By making Hijikata actually worry about him, actually believe in him, the twisted little bastard had passed the acceptable level of everyday sadism and entered a realm that required punishment. Therefore, as a mature and adult commander of an elite peacekeeping force, Hijikata was taking the high road and Not Talking To Sougo.

Unfortunately, the only difference with Hijikata being normally upset with Sougo and being officially Upset was that he refused to talk to Sougo, which made him cranky (although talking to Sougo also made him cranky), while it didn't seem to bother Sougo at all.

Or maybe it did. Lately Sougo did seem to be spending slightly more time hanging around places Hijikata might be, sucking lingeringly on popsicles, which apparently Kondou had yet to add to the banned food items list, but Hijikata honestly couldn't tell if that was an attempt to placate him or just jerk him around, because watching Sougo take care of one of those snacks was a process that involved equal parts horror and a need to take an immediate cold shower. And while Sougo had at one point offering a half slurped pop to Hijikata, which would have gone a certain way to getting him un-upset, the ever-vigilant Kondou had swooped in and snatched it away,

So, Hijikata remained Upset. And Sougo remained Sougo.

And if Hijikata was Upset in a way that lingered just a bit longer than necessary on Sougo's lips as he licked at those popsicles, and if Sougo was Sougo but with a newly developed tendency to use his tongue in a curling way that could clear a room in 30 seconds . . . well that was progress. Wasn't it?

Most days Hijikata wasn't sure he even wanted progress.

But he also wasn't one to give up, because someday it would work like it was supposed to and he would WIN.

Ah, Hijikata, the eternal optimist.

Of course dating Sougo, as Hijikata had expected, was a bizarre and stressful experience. Not just because the captain was still just as likely to try to kill him as be pleasant to him, but because Kondou Isao made one hell of a twisted father figure.

And every time they came back from yet another destroyed symbol of innocence (last time they had gone to the wave pool and ended up being almost eaten by freak sharks which Sougo swore he hadn't trained to head straight for cigarette smoke) Hijikata swore that he would never do it again.

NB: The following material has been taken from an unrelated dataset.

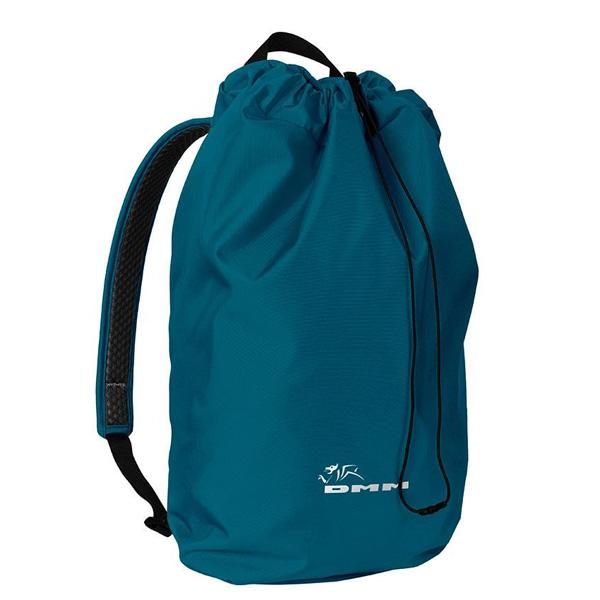 DMM ピッチャーロープバッグ ブルー RB32 : TOPPIN OUTDOOR AND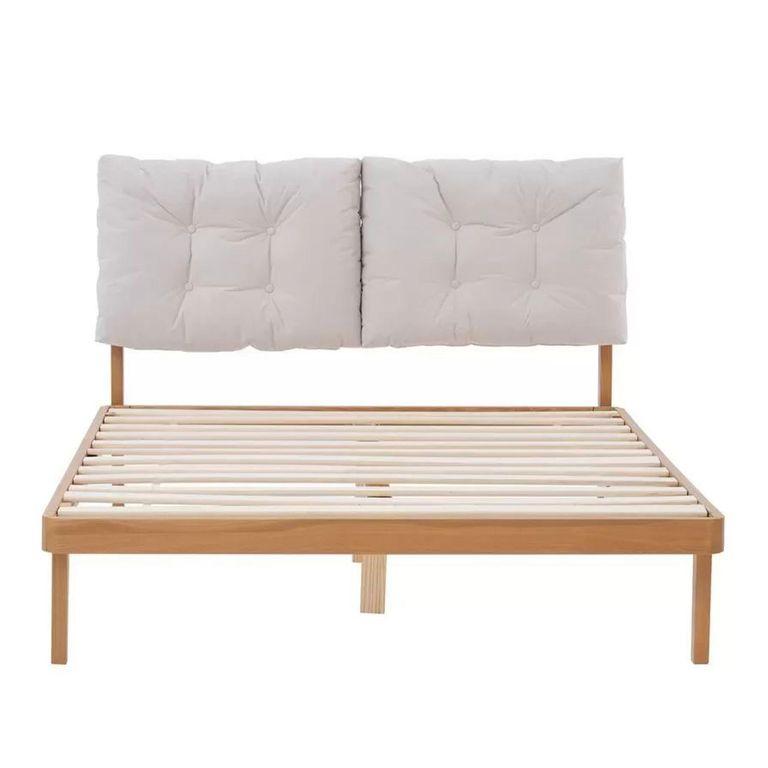 Ander Bed - Oak - Sizes Available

And yet, here he was again, about to swallow his pride and do something stupid which would gain him nothing but frustration and probably flesh wounds.

Depressed, he consulted the list of acceptable 'date places' Kondou had presented him (along with a carefully drawn out and color coded intimacy timetable which meant Hijikata's chances of getting laid this year were next to nil). They had already gone to the zoo (it would be re-opening in a week or two), visited several places of historical significance (as Sougo said, "they look more authentic in ruins, don't they Hijikata-san?"), watched two movie matinees (nothing over G, and frankly Katsura's surprise bomb had been something of a relief after half an hour of trying to figure out how to surreptitiously grope Sougo while surrounded by four year olds and their mothers) and had gone to that flower show with the killer plants, which Hijikata still wasn't sure he should blame on Sougo, but was doing so anyway on the basis that even if Sougo hadn't actually planted the aliens carnivore daisies, he had certainly enjoyed them far too much while Hijikata was beating them off with his swordblade. . . .

So now the next option seemed to be –

"Oi, Sougo. Would you like to go to the . . . park . . .with me?" he asked awkwardly.

Barely looking up from his latest volume of Marmalade Boy, Sougo, as he always did, considered the offer. "No," he said, as he always did. "That sounds boring."

"They have a roller coaster."

Sougo shot him a sharp look. "I don't like roller coasters."

"We can go on the ferris wheel." Hijikata felt a little more of his self-respect dying at each word.

Instead of the derision he expected, however, Sougo simply frowned a little. "You mean like the one at that amusement park back then?" he said thoughtfully. "I didn't get to go on it. That . . . might be not stupid."

Sougo, Hijikata was realizing, didn't have experience with a lot of basic things – at least when it came to the nicer side of life. Between practicing, eating, breathing and sleeping swordcraft as a child, and his sister's ill health and slim finances, he had never done many of the things that families usually did (while at the same time doing a lot of things that sane families never did). Which was why he didn't get particularly ruffled about ordinary life or death fights but might very well destroy entire towns if a plot resulted in a festival being disrupted.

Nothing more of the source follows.